Aim of the task:
Go through each line of the entries below and tally those containing the string "with"; give only the total.

**** Extracted data ****

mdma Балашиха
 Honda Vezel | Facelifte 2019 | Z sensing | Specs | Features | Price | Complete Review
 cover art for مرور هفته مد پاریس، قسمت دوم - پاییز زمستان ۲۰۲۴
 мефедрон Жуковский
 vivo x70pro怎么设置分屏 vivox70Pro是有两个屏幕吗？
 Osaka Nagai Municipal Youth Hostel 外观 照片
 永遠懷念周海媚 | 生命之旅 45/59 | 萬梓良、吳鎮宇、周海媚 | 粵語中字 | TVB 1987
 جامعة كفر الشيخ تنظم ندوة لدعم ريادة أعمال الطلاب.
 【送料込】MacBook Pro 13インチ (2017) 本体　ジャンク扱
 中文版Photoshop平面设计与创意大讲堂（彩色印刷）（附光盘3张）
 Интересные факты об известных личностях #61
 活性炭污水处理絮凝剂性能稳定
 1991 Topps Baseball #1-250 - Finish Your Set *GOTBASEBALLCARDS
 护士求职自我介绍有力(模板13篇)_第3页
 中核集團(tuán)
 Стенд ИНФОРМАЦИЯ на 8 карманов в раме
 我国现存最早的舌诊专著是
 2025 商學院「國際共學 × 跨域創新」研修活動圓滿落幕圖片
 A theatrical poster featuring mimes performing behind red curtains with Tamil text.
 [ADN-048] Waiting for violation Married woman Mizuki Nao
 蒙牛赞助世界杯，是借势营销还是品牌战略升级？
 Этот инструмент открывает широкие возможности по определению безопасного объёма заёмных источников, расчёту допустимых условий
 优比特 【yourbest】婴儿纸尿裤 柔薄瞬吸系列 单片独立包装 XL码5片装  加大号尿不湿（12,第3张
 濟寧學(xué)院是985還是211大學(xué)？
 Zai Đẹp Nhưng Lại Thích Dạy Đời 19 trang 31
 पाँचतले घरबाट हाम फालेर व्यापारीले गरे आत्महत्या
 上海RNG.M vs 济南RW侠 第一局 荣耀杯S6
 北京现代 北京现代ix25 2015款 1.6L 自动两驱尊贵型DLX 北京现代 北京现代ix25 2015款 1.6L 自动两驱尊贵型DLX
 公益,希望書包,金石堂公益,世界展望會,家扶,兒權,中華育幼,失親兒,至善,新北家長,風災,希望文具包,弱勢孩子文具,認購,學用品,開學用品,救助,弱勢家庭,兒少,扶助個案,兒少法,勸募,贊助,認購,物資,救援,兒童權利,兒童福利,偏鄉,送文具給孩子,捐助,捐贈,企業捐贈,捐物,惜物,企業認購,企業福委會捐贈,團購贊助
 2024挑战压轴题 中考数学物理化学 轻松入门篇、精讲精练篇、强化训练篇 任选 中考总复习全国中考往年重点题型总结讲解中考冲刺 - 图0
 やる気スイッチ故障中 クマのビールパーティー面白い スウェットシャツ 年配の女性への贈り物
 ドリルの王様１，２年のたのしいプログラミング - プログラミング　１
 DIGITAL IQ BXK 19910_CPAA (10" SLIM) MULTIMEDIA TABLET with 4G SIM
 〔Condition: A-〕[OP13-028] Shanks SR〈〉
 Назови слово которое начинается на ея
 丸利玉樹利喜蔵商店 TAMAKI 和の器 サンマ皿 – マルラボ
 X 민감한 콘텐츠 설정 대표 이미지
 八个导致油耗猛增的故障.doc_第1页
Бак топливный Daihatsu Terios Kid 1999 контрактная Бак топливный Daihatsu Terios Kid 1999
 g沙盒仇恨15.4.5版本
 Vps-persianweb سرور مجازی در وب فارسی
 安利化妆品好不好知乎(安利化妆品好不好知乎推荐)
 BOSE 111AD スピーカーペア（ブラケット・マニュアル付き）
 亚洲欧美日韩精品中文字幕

****

Exercise solution:
2